In this post, we demonstrated how to optimize Euclidean distance calculations using:
Efficient memory access patterns to reduce cache misses.
- Blocking techniques to improve cache locality.
- Loop unrolling to increase instruction-level parallelism.
- SIMD instructions to execute multiple operations in parallel.

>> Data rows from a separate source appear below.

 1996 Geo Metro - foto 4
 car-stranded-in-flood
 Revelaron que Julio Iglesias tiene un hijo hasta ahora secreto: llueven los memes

For high-performance applications, leveraging tools like NumPy, Numba, and C extensions can further accelerate computations. By being mindful of CPU architecture and optimizing at the hardware level, we can push Python’s performance closer to that of lower-level languages like C.
With the right optimizations, Python can be an excellent choice for computationally intensive tasks while maintaining its readability and ease of use.